U.S. president Donald Trump said in an interview with Fox News Thursday that the United States could cut off the entire relationship between the United States and China, which could save the United States $500 billion. Long-term weakness in the economy has repeatedly made investors unwilling to fade, coupled with previous US-China trade fuss, causing international investors to worry about the recovery and development of the global economy. Trump's remarks, in addition to stimulating investors, money is biased towards safe-haven assets, and concerns about strained trade relations between China and the United States have led to the sale of riskier assets.

Earlier, the World Health Organization said the new coronavirus may never disappear, causing investors to worry that the economy will remain in the doldrums for a long time. European stock markets suffered a heavy sell-off on Thursday, with all three major stock indexes closing lower, with the London stock market falling more than 2.7%. The current economic woes, coupled with the UK government's tough attitude in previous trade negotiations with the EU, have weakened the pound, while the poor performance of listed companies in the European market in the first quarter has dampened investor confidence, investors are more biased towards safe haven assets such as gold than equity risk assets.

A variety of factors jointly promote the rise of gold prices, if the epidemic can not be lifted in time, the resumption of commercial activities, so that the European and American economies into endless trouble, the risk will exist for a long time, the future is worth looking forward to.

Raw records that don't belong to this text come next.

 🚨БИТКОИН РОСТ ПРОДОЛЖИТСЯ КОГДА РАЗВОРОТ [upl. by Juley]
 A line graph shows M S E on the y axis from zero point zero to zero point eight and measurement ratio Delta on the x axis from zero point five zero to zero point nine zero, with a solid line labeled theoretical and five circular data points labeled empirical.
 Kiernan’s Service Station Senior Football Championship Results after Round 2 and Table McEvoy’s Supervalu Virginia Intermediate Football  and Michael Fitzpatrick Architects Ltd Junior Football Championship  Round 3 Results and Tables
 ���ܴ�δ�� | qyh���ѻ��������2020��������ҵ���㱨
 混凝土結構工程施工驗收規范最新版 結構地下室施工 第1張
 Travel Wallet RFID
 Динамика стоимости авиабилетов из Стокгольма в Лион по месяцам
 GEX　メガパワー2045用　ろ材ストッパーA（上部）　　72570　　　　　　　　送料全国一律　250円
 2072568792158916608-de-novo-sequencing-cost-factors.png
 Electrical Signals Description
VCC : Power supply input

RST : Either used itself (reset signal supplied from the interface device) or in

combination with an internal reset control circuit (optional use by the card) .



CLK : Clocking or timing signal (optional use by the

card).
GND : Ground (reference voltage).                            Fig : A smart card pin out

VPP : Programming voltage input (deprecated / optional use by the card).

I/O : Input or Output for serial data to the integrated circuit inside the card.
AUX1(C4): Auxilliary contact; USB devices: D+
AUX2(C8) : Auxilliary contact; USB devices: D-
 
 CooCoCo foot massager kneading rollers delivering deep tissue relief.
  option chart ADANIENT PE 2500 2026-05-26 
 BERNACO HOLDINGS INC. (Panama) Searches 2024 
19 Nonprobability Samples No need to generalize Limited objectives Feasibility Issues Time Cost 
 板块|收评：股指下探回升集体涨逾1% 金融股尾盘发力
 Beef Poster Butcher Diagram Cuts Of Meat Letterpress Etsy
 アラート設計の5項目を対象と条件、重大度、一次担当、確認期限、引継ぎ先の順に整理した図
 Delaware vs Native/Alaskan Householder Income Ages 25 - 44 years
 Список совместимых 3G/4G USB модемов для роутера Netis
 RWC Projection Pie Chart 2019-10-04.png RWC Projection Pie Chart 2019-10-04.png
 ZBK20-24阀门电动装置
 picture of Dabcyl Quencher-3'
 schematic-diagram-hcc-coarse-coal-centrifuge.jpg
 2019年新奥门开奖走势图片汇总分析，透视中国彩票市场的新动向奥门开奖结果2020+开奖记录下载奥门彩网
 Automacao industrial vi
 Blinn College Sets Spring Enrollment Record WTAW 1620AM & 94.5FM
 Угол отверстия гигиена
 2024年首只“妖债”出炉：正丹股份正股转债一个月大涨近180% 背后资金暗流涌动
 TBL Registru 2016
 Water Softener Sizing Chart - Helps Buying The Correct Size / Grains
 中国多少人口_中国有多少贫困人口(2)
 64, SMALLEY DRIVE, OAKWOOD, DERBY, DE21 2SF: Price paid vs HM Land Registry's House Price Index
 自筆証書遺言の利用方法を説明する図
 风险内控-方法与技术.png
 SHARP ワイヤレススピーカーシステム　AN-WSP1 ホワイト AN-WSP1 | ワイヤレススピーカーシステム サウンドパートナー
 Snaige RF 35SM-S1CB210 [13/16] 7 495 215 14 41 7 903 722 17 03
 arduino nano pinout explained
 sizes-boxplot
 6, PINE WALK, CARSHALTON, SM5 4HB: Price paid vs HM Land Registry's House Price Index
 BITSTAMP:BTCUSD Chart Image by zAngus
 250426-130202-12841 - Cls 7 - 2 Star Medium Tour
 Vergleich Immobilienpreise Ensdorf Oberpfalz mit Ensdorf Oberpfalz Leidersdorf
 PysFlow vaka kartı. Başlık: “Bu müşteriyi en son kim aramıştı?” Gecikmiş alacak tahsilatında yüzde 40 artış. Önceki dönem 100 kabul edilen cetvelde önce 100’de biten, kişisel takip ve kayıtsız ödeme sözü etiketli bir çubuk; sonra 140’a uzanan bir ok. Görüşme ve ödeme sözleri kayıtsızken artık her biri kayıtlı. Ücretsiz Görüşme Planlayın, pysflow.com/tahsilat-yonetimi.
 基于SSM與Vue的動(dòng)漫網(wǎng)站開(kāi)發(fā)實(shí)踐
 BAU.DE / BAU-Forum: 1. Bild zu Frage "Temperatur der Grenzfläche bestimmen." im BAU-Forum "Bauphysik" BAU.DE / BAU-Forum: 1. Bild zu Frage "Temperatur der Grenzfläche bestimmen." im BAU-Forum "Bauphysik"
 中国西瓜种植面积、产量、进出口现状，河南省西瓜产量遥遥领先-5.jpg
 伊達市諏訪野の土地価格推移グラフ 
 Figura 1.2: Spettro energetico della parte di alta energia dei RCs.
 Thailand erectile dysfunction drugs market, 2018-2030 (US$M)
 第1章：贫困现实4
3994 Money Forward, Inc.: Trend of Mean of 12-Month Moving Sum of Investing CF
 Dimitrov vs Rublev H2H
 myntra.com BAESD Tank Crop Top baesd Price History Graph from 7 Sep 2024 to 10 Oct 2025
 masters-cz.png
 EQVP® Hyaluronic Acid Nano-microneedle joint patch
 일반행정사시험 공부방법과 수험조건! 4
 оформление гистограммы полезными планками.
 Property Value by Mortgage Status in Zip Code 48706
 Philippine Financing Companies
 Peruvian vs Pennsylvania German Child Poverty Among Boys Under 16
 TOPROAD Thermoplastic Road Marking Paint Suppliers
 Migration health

Market bulls remain optimistic about the outlook for gold, as many investors believe the current environment is similar to or worse than the 2007-2008 financial crisis. "if a similar pattern repeats itself, gold could hit $3500 or even $4000 over the next three years," Hussein Saeed (Hussein Sayed), chief market strategist at Fortis (FXTM), wrote in a daily research note. " He added: "while history does not necessarily repeat itself, there are too many factors that can support gold prices to continue to rise."

Founder medium-term futures researcher Shi Jialiang said that due to the continuation of the deep recession in the United States, the resumption of work and resumption of production did not meet expectations, the Federal Reserve called for negative interest rates again. However, he believes that the possibility of negative interest rates in the United States is very small. Although the CPI is still facing the danger of tightening in the near future, the Fed's bottomless QE policy has led to inflation becoming the biggest risk point in the future. The Fed will maintain zero interest rates for a long time, and ultra-loose quantitative easing will continue.

Overall, the CIC Amxin futures research team believes that the global economy is facing an unprecedented recession, the Federal Reserve will continue to sacrifice economic policy, extremely loose monetary environment will make US bond real yields remain negative, the dollar is difficult to long-term strength, gold medium-term upward trend unchanged. The trade-off between the short-term epidemic and economic restart has made risk aversion wavering, and gold is expected to maintain oscillations for the time being and wait for new drivers.